Where has Hurricane Lee struck already?

The storm now known as Hurricane Lee formed at the beginning of this month as a tropical wave on the coast of West Africa. This wave caused a tropical depression, a large low-pressure cyclone surrounded by sustained thunderstorms that orbit around it. As it moved off the coast and westward into the Atlantic, this tropical depression continued to grow in power, eventually being classified as a hurricane on September 5. 

The storm has continued to move northwestward across the ocean and, at one point, intensified into a strong Category 5 hurricane. The hurricane has now waned enough to be given a Category 3 classification and is located about 535 miles south of Bermuda.

Where is Hurricane Lee headed?

As of now, Hurricane Lee seems to be heading north toward Bermuda, and a hurricane advisory has been given to the country by the United States National Hurricane Center (NHC). The center of the hurricane is expected to pass just West of Bermuda on Thursday, September 14 and that night.

After it moves through the Caribbean, the hurricane is forecasted to continue through the East Coast of the United States and Canada. The most recent NHC advisory reads, “risk of wind, coastal flooding, and rain impacts increasing for portions of New England and Atlantic Canada.” The NHC forecasts that the storm will approach the East Coast of the U.S. and Canada on Friday or Saturday of this week.

How strong is Hurricane Lee?

Hurricane Lee is currently classified as a Category 3 hurricane on a scale that goes up to Category 5. The lowest category on the scale is actually a tropical depression, followed by a tropical storm, and then Categories one through five of hurricanes. The defining factor for whether a storm is considered a hurricane is the one-minute-average maximum sustained winds at 10 meters above the surface of the water.

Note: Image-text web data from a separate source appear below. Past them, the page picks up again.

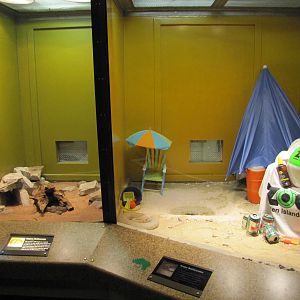 Staten Island Zoo 2010 - Aruba Rattlesnake and Mojave Rattlesnake exhibits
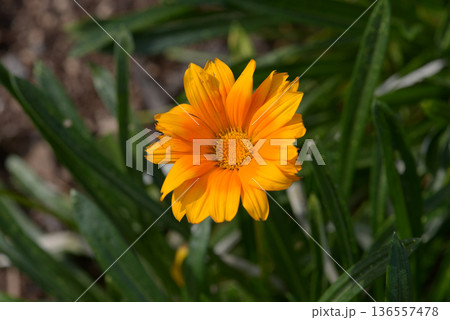 ジャノメクンショウギク 136557478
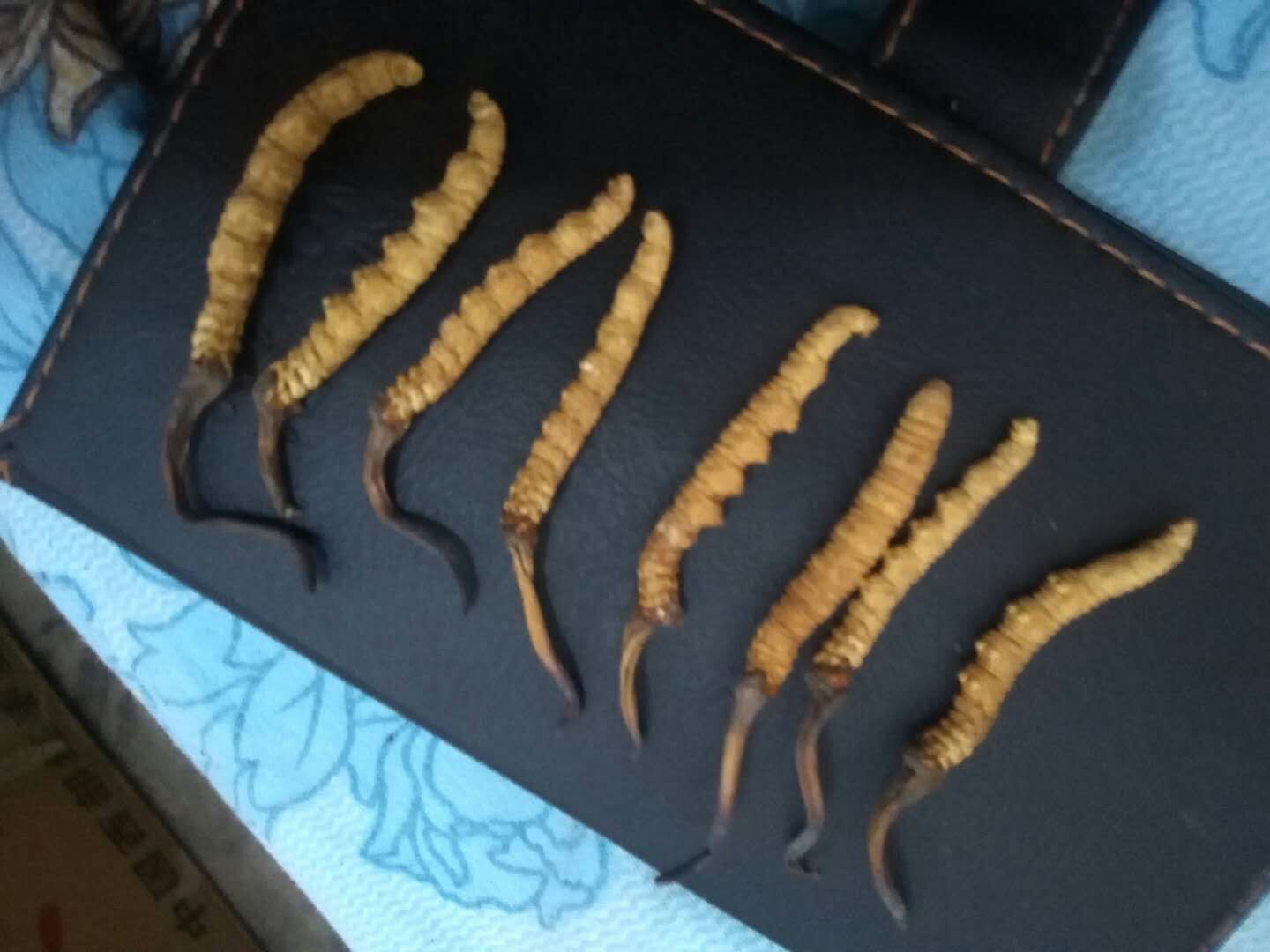 那曲冬蟲夏草/價(jià)格/辨別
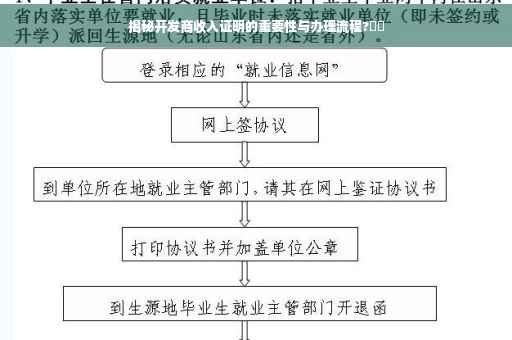 揭秘开发商收入证明的重要性与办理流程?⚡️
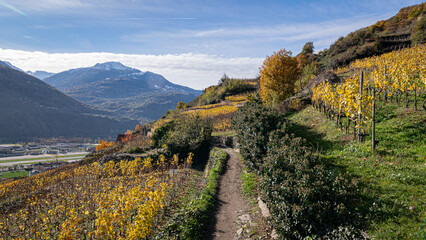 Monte d'Orge, Sion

Hurricane Lee’s average winds currently sit at around 115 mph. To be reclassified as a Category 2 hurricane, the winds will need to slow to 111 mph, and to have its classification increased to a Category 4 hurricane, the winds will need to progress past 129 mph.

Secondary effects of Hurricane Lee

The actual hurricane itself isn’t the only danger created by one of these strong tropical storms, and there can be serious indirect hazards as well. The waves created by a hurricane can go on for miles, and those created by Hurricane Lee are predicted to affect the Lesser Antilles, Puerto Rico, Hispaniola, the British and U.S. Virgin Islands, the Turks and Caicos Islands, and the Bahamas. These can create dangerous rip currents that make being in the water dangerous, even far away from the storm.